PFF ranks Newman as one of NFL’s top cornerbacks
Terence Newman recorded one interception and had 14 passes defended, the second-most on the team in 2016 at the age of 38.
Pro Football Focus highlighted Newman’s season, saying “his performance in coverage was astonishing at a position where speed and athleticism is utmost.”
Newman ended the season as PFF’s ninth-ranked CB with a grade of 86.4, and if anything, his coverage numbers were even more astounding.
Pro Football Focus noted that Newman gave up a reception every 14.7 snaps he was in coverage, which was the second-best mark in the league behind Seattle’s Richard Sherman.

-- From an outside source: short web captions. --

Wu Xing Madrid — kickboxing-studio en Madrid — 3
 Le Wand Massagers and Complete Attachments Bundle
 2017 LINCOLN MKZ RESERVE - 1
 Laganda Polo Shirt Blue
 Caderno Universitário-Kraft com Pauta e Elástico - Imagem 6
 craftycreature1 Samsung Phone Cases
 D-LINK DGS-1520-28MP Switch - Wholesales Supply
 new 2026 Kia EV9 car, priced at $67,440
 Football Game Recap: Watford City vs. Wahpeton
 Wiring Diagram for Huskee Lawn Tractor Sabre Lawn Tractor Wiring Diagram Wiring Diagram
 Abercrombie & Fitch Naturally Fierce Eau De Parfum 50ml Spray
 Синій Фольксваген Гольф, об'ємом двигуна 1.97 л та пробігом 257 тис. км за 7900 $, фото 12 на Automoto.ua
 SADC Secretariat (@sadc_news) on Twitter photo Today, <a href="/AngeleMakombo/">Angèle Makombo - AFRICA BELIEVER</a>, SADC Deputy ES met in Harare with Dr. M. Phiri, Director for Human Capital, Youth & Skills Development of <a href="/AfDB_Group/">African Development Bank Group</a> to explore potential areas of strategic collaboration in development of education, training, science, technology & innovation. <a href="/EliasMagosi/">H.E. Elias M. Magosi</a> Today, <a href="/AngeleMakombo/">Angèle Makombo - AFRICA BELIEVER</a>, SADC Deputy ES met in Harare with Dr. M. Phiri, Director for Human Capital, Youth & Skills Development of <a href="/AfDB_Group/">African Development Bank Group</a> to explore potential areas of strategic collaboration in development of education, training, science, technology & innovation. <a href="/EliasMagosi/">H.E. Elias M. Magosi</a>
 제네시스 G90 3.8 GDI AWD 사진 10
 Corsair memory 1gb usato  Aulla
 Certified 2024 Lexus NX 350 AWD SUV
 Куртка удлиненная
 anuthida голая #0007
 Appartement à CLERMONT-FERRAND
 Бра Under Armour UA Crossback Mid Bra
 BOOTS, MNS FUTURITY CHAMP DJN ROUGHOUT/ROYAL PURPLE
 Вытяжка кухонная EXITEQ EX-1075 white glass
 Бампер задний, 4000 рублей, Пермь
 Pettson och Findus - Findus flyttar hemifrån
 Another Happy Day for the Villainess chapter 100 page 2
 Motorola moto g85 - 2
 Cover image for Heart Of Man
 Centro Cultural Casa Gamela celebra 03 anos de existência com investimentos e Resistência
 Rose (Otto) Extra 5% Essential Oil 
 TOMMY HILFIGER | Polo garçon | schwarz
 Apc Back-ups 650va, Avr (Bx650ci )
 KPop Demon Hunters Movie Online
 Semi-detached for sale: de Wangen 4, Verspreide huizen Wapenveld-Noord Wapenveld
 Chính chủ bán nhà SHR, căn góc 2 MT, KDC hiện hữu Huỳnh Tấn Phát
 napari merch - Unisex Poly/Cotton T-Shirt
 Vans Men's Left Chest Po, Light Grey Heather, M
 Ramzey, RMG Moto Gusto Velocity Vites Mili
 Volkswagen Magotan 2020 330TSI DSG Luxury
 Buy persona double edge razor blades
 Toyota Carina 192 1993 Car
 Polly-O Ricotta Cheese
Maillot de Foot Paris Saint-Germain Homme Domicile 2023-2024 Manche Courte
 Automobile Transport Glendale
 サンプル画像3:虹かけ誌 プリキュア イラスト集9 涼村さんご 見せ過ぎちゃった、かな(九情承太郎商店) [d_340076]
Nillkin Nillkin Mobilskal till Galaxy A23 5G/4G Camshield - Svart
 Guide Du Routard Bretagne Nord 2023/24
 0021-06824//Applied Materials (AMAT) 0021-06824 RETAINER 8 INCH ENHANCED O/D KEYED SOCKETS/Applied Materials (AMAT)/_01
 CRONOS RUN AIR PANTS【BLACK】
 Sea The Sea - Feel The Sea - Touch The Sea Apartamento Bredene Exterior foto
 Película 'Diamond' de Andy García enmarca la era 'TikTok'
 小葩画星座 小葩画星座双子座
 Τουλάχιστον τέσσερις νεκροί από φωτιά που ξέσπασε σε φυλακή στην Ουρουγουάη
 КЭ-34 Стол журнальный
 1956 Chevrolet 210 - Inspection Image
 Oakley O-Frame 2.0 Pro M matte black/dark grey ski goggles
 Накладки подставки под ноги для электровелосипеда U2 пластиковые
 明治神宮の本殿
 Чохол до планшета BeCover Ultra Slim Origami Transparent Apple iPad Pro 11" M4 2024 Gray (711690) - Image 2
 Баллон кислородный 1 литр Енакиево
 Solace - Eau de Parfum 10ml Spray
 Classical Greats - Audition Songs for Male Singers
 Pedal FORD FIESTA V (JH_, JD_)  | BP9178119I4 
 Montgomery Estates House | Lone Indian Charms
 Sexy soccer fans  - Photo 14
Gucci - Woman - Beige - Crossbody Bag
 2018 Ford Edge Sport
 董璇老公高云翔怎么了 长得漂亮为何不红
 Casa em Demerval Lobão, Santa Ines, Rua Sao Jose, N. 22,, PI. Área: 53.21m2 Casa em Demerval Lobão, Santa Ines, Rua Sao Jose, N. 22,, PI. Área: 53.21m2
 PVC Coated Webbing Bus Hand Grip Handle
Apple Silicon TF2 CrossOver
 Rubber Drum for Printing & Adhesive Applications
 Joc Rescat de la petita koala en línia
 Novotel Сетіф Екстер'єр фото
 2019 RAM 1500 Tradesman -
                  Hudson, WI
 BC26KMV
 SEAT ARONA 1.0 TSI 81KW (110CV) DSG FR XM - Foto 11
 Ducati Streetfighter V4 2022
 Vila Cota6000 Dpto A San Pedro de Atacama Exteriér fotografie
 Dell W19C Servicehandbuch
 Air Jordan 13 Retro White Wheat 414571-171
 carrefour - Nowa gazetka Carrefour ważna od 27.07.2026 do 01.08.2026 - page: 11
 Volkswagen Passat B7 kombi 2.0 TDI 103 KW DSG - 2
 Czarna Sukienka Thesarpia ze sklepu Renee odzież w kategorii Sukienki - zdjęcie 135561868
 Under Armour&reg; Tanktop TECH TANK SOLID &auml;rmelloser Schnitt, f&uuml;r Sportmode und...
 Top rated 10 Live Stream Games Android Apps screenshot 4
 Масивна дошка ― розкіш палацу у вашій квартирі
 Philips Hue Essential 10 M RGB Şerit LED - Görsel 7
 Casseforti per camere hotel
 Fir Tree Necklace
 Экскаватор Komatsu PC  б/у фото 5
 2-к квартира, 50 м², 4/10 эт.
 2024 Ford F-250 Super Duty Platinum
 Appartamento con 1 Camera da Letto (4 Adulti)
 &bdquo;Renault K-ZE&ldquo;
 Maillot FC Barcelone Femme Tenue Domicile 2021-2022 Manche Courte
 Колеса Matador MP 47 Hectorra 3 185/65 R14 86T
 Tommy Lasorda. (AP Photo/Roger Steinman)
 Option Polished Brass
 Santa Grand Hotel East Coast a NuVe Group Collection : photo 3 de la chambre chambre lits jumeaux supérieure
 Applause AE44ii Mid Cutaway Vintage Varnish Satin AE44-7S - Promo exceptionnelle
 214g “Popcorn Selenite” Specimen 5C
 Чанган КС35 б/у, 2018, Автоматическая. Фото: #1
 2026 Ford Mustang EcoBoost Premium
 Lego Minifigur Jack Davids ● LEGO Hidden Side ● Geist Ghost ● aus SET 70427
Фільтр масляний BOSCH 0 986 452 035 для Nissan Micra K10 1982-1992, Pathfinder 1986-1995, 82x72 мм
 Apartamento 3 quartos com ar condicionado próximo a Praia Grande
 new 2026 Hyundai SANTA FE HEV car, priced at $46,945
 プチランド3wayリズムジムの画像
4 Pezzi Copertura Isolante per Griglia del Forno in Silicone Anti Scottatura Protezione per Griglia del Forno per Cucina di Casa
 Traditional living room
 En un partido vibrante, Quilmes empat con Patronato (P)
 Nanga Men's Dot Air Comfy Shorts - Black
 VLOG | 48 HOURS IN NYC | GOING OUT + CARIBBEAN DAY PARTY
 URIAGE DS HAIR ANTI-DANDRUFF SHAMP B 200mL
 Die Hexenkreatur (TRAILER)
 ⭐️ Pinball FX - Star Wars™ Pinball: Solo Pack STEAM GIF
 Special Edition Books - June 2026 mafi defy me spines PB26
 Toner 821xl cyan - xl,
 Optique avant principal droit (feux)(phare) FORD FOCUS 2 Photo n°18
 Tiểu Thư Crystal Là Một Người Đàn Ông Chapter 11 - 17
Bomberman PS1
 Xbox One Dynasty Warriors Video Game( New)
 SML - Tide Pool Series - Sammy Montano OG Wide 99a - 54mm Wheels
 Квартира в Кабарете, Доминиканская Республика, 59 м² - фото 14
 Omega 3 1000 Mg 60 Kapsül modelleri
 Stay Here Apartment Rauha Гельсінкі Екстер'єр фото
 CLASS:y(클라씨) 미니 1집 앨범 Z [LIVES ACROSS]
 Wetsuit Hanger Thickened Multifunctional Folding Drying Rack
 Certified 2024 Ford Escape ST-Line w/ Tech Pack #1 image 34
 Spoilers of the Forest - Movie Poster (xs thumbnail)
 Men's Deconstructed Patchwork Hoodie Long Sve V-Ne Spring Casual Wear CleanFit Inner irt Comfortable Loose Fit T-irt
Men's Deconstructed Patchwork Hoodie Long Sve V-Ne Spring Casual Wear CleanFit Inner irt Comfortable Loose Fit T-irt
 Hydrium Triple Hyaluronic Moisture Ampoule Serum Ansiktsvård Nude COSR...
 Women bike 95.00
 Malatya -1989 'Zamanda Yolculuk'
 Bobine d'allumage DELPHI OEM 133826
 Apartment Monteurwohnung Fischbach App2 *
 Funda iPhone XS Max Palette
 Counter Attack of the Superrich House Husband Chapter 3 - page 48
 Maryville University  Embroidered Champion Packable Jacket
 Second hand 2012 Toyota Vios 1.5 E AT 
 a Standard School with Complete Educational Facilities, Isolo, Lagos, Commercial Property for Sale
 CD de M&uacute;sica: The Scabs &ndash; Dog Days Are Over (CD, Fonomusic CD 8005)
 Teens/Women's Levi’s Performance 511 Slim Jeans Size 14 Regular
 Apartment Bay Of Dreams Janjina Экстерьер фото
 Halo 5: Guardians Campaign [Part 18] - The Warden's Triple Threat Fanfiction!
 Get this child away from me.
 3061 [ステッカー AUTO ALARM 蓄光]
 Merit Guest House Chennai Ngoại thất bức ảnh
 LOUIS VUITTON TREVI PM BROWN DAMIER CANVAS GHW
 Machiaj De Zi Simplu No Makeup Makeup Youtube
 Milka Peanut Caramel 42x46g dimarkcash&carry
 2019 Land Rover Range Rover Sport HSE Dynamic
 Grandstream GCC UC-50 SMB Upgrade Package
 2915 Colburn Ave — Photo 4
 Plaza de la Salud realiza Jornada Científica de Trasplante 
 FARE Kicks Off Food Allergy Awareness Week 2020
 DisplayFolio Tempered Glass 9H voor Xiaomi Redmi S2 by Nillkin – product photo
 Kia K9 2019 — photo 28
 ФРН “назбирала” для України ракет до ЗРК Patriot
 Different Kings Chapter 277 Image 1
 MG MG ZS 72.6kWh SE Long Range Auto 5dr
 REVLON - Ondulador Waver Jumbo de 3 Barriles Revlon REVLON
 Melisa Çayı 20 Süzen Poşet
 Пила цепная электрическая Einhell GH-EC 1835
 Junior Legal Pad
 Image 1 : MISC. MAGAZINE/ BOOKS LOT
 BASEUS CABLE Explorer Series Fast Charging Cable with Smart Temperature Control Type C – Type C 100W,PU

The website also pointed out a few other strong stats from Newman:
The big difference between the two players was when they were beat what kind of plays were they. Sherman surrendered 585 receiving yards over the year, and Newman just 245. Even when you account for Newman missing some time, he was beaten for almost half the receiving yardage per snap in coverage as Richard Sherman.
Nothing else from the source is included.